■ **Dataset excerpts**
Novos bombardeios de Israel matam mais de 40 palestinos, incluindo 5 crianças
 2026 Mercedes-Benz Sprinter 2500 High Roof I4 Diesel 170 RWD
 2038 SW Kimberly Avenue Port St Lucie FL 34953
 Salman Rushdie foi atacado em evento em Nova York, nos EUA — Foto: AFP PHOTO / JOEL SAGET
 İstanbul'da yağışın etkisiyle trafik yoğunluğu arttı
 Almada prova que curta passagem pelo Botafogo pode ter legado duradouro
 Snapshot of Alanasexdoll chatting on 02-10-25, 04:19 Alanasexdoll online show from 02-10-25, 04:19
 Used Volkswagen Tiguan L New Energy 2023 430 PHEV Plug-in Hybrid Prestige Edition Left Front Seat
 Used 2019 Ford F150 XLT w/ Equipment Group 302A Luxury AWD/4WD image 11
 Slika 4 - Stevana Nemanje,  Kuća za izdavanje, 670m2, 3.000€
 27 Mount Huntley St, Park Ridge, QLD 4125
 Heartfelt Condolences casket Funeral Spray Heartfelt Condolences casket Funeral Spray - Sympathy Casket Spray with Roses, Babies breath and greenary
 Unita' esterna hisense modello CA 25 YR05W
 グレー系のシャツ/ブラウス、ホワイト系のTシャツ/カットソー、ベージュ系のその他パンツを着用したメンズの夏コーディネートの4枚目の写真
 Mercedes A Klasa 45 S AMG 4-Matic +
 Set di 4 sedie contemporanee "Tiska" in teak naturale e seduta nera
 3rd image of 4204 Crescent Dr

■ **PROBLEM STATEMENT**
What lines in the entries contain "Used"? Report each one by copying it.

■ **EXERCISE OUTPUT**
 Used Volkswagen Tiguan L New Energy 2023 430 PHEV Plug-in Hybrid Prestige Edition Left Front Seat
 Used 2019 Ford F150 XLT w/ Equipment Group 302A Luxury AWD/4WD image 11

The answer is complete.